El ameno huerto deseado, simbolizado en el huerto, en que dieron sepultura a Jesús, es Dios mismo, “cuyo amor es tan inmenso que, como dice el libro de la Sabiduría, toca desde un fin hasta otro fin, y el alma que de Él es informada y movida, en alguna manera, lleva esa misma abundancia e ímpetu en sí”, de modo que el matrimonio espiritual con el Amado llega a sus cimas más altas. En la escena, se hallan solos. Los ángeles del sepulcro, cumplida su misión, han desaparecido, para que ninguna persona ni cosa ocasione perturbación al goce de la entrega mutua, "porque esta es la propiedad de esta unión del alma con Dios" (Ib 35,6).

El ímpetu del amor y la alegría de encontrar vivo al que creía muerto, la impele a abrazarlo y a quedar fusionada en el abrazo. Es el instante en que Jesús expresa la famosa exclamación del ¡Noli me tangere! (“No me toques”), que es una mala traducción del griego, Me aptou: “No me retengas más”, “no me entretengas más”. Y, como explicación, le brinda la causa: porque aún no he subido al Padre, esto es, seguiré aquí, tendremos ocasión de volvernos a ver. Cuando haya subido y esté con el Padre, le enviará su Espíritu y ese será el momento de disfrutar de su enlace espiritual, puesto que el Espíritu Santo actuará de “llama viva, de cauterio suave, de toque delicado que a eterna vida sabe”, dice el Santo de Ávila. Realmente, al resucitado no se le puede retener en este mundo, su contacto se realiza en otro plano, en la fe, por la palabra, en espíritu. Así pues, Jesús ha encumbrado a la Magdalena a la cima más alta de la perfección.

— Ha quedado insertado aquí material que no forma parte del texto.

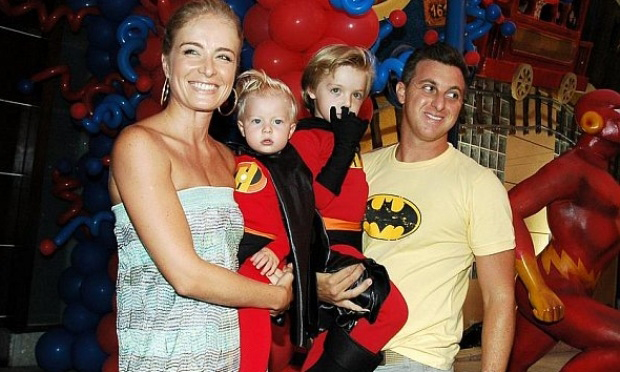 Cresceram! Filhos de Angélica e Huck surpreendem pela altura em passeio com a mãe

María Magdalena es nombrada Apóstol de los Apóstoles. La envía en función apostólica: anda y di a mis hermanos. Y obediente a la vocación recibida, dejándolo todo (Lc 5,11), fue a decir a los discípulos (Jn 20,18), a anunciarles el mensaje que Jesús le ha dado. El mensaje que ha de comunicar a los discípulos es la fundación de una comunidad escatológica de Dios por la vuelta de Jesús al Padre. El Señor la elige para que sea su mensajera y la divulgadora de la noticia, es la Elegida; y, en su persona, todas las mujeres creyentes, escogidas para altas misiones. Los cuatro evangelios coinciden en que ellas son las destinatarias de las primeras apariciones y los primeros testigos y mensajeras del hecho más trascendente y definitivo de la fe. La mujer ha recibido del Creador hermosas facultades y potencialidades imprescindibles. El Maestro la sitúa, en su Evangelio, en un lugar de preeminencia. La mujer es elegida -el evangelio de Marcos afirma: se apareció primero resucitado a María Magdalena (Mc 16,9)- en ocasión crucial para el cristianismo y para la historia.